The middle brother took a moment to think, then nodded and said, “Yes.”

“James?”

“Oh, yes,” the younger brother said without hesitation.

“Then let’s go to town, boys.”

The three boys had just pinned on the badges they’d found on top of and inside the desk when their father walked into the office.

“What have we here?” he asked.

“Deputies, Pa,” Thomas said.

“Three of us,” Matthew said.

“We heard what was happening in town,” James said. “You need us, Pa.”

“And we deserve to go along,” Thomas said. “She was our mother. We got a right to avenge her death.”

Dan Shaye studied his three sons. They all stood as tall as he, Matthew even taller and bigger. They all wore guns. He knew that Thomas could shoot. He knew that Matthew’s size and
strength made him deadly in a fight. James was nineteen, though. He could not shoot like his older brother, nor could he fight like Matthew.

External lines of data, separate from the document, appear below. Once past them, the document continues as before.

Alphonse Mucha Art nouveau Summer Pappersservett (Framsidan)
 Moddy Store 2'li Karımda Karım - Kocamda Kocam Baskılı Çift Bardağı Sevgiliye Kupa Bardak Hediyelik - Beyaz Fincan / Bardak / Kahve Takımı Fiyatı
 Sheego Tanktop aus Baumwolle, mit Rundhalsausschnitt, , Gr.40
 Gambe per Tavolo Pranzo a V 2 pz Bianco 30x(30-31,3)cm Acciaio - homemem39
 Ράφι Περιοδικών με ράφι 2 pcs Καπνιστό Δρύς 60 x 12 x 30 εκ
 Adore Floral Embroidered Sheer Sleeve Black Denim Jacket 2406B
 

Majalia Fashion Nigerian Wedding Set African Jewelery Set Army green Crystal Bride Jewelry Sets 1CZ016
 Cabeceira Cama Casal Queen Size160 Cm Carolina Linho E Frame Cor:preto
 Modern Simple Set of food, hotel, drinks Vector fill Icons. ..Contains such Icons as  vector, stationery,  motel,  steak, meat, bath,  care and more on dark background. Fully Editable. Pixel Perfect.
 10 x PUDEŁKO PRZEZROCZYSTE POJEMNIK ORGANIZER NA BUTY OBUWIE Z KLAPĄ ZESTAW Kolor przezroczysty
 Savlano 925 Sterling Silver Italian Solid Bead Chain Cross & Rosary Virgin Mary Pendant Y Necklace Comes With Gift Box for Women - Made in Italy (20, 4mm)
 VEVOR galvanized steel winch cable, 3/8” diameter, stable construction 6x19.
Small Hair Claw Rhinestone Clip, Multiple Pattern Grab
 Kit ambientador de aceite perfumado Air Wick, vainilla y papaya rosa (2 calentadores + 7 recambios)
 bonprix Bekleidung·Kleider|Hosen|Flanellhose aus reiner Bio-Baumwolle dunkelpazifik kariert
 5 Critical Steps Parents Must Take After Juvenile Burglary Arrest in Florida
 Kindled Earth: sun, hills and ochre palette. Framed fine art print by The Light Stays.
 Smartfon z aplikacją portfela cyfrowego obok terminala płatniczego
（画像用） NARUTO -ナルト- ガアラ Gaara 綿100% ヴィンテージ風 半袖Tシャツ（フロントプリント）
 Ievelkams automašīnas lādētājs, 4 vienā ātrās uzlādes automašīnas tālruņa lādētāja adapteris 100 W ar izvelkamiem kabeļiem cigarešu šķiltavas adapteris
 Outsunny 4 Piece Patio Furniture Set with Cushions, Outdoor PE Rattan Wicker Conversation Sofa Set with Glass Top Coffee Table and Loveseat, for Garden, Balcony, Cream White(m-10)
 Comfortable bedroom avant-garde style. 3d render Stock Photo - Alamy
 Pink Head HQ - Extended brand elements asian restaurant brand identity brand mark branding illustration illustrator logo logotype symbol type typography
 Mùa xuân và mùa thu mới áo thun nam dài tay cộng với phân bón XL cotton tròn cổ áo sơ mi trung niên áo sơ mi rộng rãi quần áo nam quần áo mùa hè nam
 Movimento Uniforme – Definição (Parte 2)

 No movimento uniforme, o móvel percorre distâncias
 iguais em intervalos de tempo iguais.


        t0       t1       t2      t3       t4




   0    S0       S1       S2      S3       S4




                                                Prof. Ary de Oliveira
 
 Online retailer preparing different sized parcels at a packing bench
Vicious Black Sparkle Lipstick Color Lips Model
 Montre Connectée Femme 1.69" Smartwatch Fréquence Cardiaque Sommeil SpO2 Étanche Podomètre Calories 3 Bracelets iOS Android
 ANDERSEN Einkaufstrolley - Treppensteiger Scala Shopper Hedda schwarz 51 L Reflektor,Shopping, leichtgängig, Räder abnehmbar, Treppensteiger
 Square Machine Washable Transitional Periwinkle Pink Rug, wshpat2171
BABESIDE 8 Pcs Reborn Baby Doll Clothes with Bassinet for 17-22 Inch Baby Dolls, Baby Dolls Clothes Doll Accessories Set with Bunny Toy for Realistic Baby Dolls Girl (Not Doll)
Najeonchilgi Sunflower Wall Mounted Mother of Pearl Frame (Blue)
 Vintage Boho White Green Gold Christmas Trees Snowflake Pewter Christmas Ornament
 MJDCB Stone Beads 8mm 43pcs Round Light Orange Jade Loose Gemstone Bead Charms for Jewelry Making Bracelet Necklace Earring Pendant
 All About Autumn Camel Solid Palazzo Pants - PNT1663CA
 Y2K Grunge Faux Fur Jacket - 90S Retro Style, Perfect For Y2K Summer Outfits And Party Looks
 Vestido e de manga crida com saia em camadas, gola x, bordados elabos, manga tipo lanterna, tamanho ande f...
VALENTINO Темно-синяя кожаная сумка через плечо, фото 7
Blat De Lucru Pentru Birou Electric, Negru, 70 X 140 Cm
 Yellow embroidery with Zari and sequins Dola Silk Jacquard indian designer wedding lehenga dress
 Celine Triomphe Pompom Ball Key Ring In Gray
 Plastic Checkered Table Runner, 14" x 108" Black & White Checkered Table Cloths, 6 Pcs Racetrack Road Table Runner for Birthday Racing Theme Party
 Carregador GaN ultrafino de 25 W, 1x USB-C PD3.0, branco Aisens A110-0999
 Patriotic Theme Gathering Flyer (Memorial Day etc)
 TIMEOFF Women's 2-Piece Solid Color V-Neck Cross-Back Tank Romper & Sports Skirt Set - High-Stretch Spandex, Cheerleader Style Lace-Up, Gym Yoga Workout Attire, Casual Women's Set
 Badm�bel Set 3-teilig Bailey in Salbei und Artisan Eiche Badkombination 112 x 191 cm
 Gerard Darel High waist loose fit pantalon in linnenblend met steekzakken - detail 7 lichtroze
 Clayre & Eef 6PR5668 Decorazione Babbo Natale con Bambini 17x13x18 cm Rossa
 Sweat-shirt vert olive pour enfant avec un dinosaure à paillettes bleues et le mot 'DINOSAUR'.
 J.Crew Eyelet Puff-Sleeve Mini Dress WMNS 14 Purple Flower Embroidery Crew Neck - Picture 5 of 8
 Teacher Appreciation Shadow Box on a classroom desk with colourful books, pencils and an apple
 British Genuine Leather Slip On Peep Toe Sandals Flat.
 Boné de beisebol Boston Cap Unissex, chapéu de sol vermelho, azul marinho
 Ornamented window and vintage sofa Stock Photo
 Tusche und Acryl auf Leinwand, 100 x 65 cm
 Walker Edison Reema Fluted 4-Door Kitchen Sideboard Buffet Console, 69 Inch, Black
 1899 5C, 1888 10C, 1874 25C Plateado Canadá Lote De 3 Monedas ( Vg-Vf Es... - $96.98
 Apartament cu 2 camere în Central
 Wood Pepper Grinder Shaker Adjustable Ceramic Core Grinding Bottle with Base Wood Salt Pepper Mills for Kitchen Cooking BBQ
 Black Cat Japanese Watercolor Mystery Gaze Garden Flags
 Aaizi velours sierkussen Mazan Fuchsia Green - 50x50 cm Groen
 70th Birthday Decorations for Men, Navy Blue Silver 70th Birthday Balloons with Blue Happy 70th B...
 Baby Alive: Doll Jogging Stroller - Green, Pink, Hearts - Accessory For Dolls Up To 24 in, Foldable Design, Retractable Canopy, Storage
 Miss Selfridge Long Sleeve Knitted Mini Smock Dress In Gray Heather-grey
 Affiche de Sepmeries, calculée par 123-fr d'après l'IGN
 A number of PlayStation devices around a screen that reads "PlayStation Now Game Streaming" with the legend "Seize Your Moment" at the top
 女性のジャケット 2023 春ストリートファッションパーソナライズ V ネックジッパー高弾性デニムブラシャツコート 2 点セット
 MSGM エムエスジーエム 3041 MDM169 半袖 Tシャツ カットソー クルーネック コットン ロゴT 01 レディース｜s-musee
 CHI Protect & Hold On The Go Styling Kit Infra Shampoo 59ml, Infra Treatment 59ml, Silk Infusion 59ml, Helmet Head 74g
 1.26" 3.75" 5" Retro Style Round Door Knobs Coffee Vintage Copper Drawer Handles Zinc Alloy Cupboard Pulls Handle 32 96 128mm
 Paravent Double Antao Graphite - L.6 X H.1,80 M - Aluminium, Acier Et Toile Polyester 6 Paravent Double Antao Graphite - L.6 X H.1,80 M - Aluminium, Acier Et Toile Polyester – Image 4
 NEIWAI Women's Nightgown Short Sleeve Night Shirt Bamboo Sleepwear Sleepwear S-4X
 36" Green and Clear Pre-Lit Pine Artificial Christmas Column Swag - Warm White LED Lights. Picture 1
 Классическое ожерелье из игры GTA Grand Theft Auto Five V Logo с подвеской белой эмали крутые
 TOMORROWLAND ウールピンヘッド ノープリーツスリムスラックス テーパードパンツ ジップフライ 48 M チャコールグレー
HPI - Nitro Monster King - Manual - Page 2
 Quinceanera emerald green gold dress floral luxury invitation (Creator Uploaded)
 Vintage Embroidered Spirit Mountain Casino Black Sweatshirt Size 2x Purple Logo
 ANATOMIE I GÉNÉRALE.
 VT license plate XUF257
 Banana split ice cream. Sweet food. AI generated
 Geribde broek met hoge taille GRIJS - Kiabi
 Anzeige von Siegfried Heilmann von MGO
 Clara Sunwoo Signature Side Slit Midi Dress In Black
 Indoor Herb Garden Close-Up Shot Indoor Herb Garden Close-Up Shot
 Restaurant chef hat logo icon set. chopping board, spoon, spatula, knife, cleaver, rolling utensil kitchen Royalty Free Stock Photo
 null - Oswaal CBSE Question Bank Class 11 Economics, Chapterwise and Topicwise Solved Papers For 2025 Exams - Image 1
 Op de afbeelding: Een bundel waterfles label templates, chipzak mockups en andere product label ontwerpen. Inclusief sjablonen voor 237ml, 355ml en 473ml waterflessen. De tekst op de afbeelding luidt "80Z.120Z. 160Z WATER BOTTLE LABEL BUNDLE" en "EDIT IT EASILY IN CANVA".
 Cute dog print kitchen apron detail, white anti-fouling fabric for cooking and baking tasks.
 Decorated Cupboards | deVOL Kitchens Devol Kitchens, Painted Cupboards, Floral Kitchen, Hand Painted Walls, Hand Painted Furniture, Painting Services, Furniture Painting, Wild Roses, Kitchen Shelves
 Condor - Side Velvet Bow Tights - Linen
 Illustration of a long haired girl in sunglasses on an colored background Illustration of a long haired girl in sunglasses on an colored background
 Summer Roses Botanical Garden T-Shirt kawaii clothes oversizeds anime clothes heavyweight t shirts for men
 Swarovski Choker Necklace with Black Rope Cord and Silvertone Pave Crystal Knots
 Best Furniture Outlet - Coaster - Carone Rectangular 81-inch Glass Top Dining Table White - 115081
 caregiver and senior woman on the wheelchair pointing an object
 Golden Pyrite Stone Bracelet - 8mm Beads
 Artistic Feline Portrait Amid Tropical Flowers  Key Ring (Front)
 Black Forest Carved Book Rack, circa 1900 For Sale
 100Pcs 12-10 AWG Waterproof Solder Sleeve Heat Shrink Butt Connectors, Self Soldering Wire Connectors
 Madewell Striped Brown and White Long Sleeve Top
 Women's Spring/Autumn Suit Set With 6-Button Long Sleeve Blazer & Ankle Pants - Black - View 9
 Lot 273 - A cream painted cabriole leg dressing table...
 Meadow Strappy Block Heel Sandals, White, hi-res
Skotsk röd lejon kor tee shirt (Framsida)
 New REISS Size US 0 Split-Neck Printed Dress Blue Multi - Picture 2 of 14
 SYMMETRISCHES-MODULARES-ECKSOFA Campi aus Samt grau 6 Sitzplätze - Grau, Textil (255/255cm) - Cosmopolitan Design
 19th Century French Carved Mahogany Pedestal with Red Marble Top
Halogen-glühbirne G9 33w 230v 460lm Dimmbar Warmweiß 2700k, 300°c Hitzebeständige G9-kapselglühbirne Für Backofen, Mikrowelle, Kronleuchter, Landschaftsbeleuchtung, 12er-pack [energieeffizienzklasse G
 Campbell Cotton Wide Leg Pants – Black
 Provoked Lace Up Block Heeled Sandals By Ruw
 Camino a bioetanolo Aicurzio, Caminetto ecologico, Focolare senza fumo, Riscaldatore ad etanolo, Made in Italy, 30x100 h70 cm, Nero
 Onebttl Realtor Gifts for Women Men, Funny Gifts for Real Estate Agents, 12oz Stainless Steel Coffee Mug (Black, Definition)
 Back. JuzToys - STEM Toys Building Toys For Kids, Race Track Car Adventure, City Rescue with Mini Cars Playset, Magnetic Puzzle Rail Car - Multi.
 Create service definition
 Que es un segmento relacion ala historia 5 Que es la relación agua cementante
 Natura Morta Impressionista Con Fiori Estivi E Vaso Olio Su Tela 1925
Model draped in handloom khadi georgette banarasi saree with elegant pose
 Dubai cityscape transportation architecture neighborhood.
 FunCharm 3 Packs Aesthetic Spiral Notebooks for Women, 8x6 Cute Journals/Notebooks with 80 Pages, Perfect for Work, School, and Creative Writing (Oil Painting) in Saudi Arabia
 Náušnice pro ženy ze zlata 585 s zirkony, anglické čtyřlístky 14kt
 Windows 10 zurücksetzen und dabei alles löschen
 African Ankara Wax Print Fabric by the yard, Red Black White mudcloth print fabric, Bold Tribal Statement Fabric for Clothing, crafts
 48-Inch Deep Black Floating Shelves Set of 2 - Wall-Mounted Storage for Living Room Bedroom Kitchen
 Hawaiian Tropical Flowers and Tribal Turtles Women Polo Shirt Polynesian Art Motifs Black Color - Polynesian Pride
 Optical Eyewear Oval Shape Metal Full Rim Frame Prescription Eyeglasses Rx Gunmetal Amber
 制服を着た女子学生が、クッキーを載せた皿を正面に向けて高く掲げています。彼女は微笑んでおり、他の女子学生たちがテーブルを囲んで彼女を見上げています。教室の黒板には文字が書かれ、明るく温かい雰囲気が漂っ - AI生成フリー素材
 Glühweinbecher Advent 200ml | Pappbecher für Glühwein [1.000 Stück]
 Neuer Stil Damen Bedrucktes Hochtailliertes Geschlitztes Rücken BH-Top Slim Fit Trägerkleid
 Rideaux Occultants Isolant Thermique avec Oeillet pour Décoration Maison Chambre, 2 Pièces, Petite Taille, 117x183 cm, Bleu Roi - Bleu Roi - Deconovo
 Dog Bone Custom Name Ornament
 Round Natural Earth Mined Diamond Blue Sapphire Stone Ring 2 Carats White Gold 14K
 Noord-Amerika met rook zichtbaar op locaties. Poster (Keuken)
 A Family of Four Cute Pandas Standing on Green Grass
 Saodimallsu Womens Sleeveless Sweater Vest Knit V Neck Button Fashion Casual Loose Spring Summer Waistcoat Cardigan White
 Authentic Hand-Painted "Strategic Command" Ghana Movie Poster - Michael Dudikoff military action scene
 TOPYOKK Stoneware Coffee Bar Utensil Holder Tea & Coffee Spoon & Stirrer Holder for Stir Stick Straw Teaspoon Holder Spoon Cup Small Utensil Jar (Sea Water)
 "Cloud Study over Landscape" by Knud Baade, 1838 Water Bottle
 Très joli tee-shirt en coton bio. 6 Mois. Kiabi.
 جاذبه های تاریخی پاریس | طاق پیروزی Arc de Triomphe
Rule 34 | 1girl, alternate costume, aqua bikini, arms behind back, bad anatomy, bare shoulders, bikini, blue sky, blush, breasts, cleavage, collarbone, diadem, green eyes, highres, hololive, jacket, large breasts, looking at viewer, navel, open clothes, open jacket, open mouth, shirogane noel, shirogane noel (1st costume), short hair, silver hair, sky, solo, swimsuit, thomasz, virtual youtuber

But he had the same rights as the other two boys.

“Pa?” Thomas said.

“My three deputies,” Shaye said. “Your mother would kill me for pinning those badges on you.”

“You didn’t pin ’em on us,” Thomas pointed out.

“We pinned ’em on ourselves,” James added.

“Yeah,” Dan Shaye said, “yeah, you did.”

In truth, Shaye had already decided that his only course of action was to take his sons along, after first deputizing them. They had never gone against another man in a fight, never killed another man, but he had no choice. If he was going to catch up to the Langer gang and make them pay for what they had done to Mary Shaye, he couldn’t go alone.

“You boys have to do what I say, when I say.”

“We will, Pa,” Thomas said.

“Every step of the way,” Shaye added, “no questions asked.”

“We will,” Matthew said.

“James?”

“Yeah, Pa?”

“You’ll have to do the cooking.”

James smiled and said, “Right, Pa.”

Shaye stepped forward and spread his arms
wide. The three boys stepped forward and all four embraced briefly, but powerfully.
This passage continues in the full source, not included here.